Tom Schilling

Tom Schilling, geboren am 10. Februar 1982 in Berlin, zählt seit Jahren zu den markantesten jungen Schauspielern des Landes. Noch zu Schulzeiten wurde er für die Bühne entdeckt. Sein Leinwanddebüt in SCHLARAFFENLAND (1999) von Friedemann Fromm im Ensemble mit Daniel Brühl und Franka Potente zeigte bereits sein Talent. Das bewies Schilling auch als Janosch in CRAZY (2000) an der Seite von Robert Stadlober. Dafür wurde er, wie Stadlober, mit dem BAYERISCHEN FILMPREIS geehrt.
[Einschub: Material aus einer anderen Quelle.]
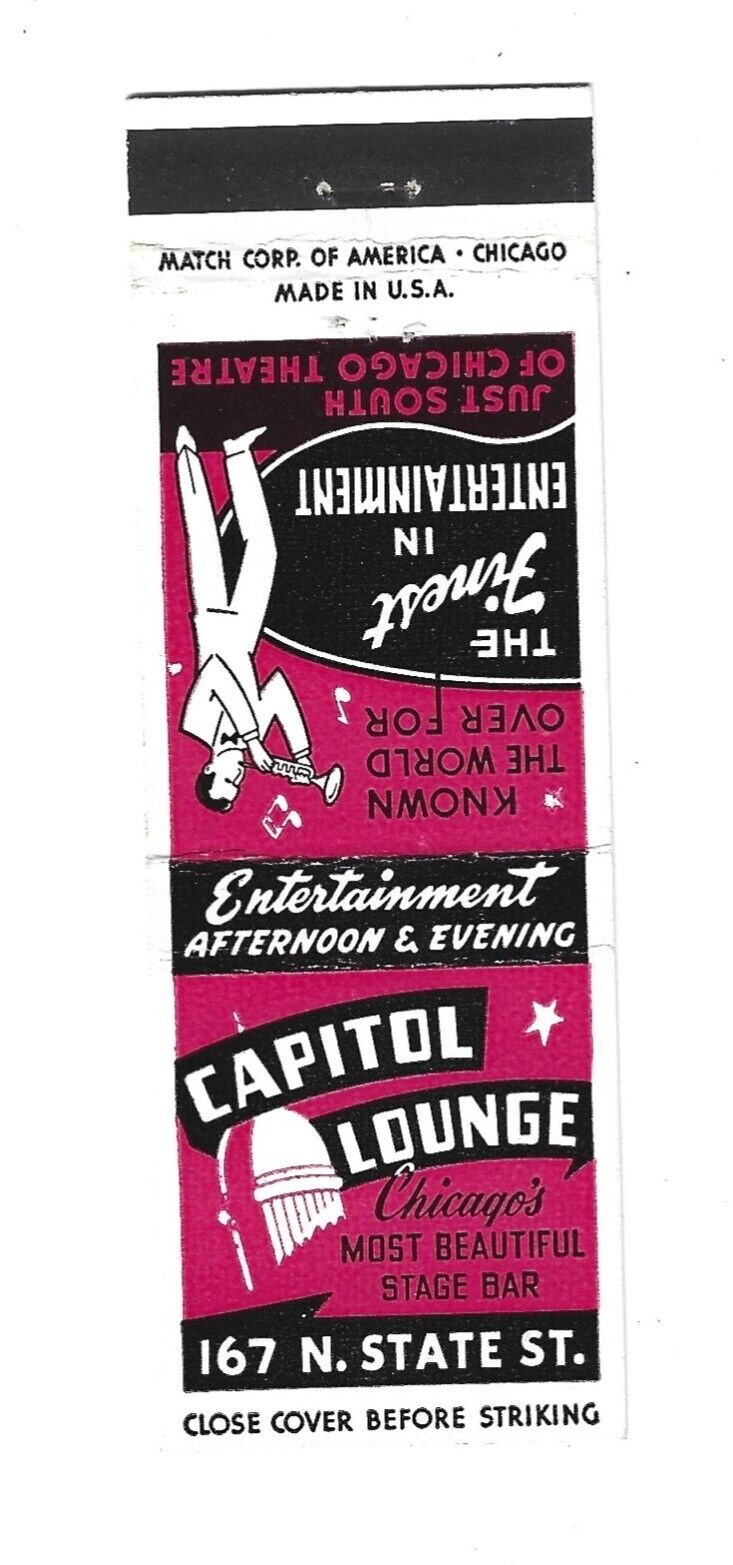 Capitol Lounge  Matchcover    Chicago\'s Most Beautiful Stage Bar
Hauptrollen in HERZ ÜBER KOPF (2001) oder auch seine engagiert-tragische Figur des jungen Bandmanagers Harry in VERSCHWENDE DEINE JUGEND (2003) festigten seinen Ruf. NAPOLA (2004) erzählt die Geschichte zweier ungleicher Freunde in Deutschlands schwärzester Zeit, die, aus verschiedenen Gesellschaftsschichten kommend, an den Verhältnissen von Anpassung und Gleichförmigkeit zerbrechen. Für seine schauspielerische Leistung in NAPOLA erhielt er nicht nur einen der begehrten UNDINE AWARDS, den österreichischen Filmpreis, sondern auch das nur einmal im Jahr vergebene „Karl Spiehs-Stipedium“ für ein dreimonatiges Studium am Lee Strasberg Studio in New York.
In den beiden Oskar Röhler-Filmen AGNES UND SEINE BRÜDER (2004) und ELEMENTARTEILCHEN (2006) gehörte er zum Ensemble und im anarchistischen Berlinfilm SCHWARZE SCHAFE (2007), seiner dritten Zusammenarbeit mit Robert Stadlober, war er ebenfalls zu erleben. Einen seiner seltenen Fernsehauftritte hatte er in der hochgelobten ZDF-Reihe KDD als schwuler Freund von Jürgen Vogel, sowie im TATORT "Früher Abschied" von Lars Kraume.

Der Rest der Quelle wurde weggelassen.